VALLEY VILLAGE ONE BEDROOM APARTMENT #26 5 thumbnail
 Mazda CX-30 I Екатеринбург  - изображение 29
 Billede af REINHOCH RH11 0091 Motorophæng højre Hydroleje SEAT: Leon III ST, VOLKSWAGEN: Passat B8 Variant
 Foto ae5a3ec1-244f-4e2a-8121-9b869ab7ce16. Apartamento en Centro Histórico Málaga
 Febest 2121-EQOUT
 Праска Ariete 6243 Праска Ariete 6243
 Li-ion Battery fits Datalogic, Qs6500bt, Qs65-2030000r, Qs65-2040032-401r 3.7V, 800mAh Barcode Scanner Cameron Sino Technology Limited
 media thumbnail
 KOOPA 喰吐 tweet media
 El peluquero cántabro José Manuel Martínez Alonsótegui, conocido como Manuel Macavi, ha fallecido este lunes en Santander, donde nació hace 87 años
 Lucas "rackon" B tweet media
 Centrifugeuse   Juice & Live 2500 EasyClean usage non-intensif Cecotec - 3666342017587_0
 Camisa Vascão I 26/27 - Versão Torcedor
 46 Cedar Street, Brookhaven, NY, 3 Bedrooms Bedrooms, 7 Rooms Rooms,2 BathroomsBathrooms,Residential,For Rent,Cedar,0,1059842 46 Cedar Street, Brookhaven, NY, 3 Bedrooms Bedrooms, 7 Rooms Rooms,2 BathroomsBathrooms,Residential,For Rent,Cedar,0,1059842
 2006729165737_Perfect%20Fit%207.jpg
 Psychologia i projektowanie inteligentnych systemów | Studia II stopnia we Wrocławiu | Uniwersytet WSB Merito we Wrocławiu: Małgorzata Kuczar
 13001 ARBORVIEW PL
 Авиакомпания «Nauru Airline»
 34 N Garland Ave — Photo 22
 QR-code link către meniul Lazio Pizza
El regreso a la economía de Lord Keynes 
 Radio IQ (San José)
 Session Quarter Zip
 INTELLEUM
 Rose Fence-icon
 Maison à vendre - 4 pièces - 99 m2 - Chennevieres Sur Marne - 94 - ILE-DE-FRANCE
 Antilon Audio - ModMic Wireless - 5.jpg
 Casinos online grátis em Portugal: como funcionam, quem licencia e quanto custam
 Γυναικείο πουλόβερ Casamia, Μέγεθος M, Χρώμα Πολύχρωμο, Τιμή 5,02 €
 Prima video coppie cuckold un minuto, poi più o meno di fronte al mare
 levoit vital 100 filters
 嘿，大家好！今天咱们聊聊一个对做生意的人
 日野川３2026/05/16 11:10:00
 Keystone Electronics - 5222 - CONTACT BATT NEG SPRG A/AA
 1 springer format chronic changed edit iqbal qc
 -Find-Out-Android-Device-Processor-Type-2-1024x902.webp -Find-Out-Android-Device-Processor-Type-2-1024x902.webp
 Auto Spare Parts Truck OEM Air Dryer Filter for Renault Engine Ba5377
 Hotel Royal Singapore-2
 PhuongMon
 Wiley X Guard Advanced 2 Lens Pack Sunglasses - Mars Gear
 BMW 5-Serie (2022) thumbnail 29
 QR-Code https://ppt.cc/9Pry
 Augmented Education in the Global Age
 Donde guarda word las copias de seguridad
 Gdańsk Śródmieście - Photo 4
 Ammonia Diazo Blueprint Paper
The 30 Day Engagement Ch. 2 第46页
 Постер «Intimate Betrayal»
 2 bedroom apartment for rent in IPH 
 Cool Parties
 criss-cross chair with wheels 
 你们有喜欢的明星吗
* * *
#### [TASK GOAL]
Write the records out in full, exactly as they read above.

#### [YOUR SOLUTION]
VALLEY VILLAGE ONE BEDROOM APARTMENT #26 5 thumbnail
 Mazda CX-30 I Екатеринбург  - изображение 29
 Billede af REINHOCH RH11 0091 Motorophæng højre Hydroleje SEAT: Leon III ST, VOLKSWAGEN: Passat B8 Variant
 Foto ae5a3ec1-244f-4e2a-8121-9b869ab7ce16. Apartamento en Centro Histórico Málaga
 Febest 2121-EQOUT
 Праска Ariete 6243 Праска Ariete 6243
 Li-ion Battery fits Datalogic, Qs6500bt, Qs65-2030000r, Qs65-2040032-401r 3.7V, 800mAh Barcode Scanner Cameron Sino Technology Limited
 media thumbnail
 KOOPA 喰吐 tweet media
 El peluquero cántabro José Manuel Martínez Alonsótegui, conocido como Manuel Macavi, ha fallecido este lunes en Santander, donde nació hace 87 años
 Lucas "rackon" B tweet media
 Centrifugeuse   Juice & Live 2500 EasyClean usage non-intensif Cecotec - 3666342017587_0
 Camisa Vascão I 26/27 - Versão Torcedor
 46 Cedar Street, Brookhaven, NY, 3 Bedrooms Bedrooms, 7 Rooms Rooms,2 BathroomsBathrooms,Residential,For Rent,Cedar,0,1059842 46 Cedar Street, Brookhaven, NY, 3 Bedrooms Bedrooms, 7 Rooms Rooms,2 BathroomsBathrooms,Residential,For Rent,Cedar,0,1059842
 2006729165737_Perfect%20Fit%207.jpg
 Psychologia i projektowanie inteligentnych systemów | Studia II stopnia we Wrocławiu | Uniwersytet WSB Merito we Wrocławiu: Małgorzata Kuczar
 13001 ARBORVIEW PL
 Авиакомпания «Nauru Airline»
 34 N Garland Ave — Photo 22
 QR-code link către meniul Lazio Pizza
El regreso a la economía de Lord Keynes 
 Radio IQ (San José)
 Session Quarter Zip
 INTELLEUM
 Rose Fence-icon
 Maison à vendre - 4 pièces - 99 m2 - Chennevieres Sur Marne - 94 - ILE-DE-FRANCE
 Antilon Audio - ModMic Wireless - 5.jpg
 Casinos online grátis em Portugal: como funcionam, quem licencia e quanto custam
 Γυναικείο πουλόβερ Casamia, Μέγεθος M, Χρώμα Πολύχρωμο, Τιμή 5,02 €
 Prima video coppie cuckold un minuto, poi più o meno di fronte al mare
 levoit vital 100 filters
 嘿，大家好！今天咱们聊聊一个对做生意的人
 日野川３2026/05/16 11:10:00
 Keystone Electronics - 5222 - CONTACT BATT NEG SPRG A/AA
 1 springer format chronic changed edit iqbal qc
 -Find-Out-Android-Device-Processor-Type-2-1024x902.webp -Find-Out-Android-Device-Processor-Type-2-1024x902.webp
 Auto Spare Parts Truck OEM Air Dryer Filter for Renault Engine Ba5377
 Hotel Royal Singapore-2
 PhuongMon
 Wiley X Guard Advanced 2 Lens Pack Sunglasses - Mars Gear
 BMW 5-Serie (2022) thumbnail 29
 QR-Code https://ppt.cc/9Pry
 Augmented Education in the Global Age
 Donde guarda word las copias de seguridad
 Gdańsk Śródmieście - Photo 4
 Ammonia Diazo Blueprint Paper
The 30 Day Engagement Ch. 2 第46页
 Постер «Intimate Betrayal»
 2 bedroom apartment for rent in IPH 
 Cool Parties
 criss-cross chair with wheels 
 你们有喜欢的明星吗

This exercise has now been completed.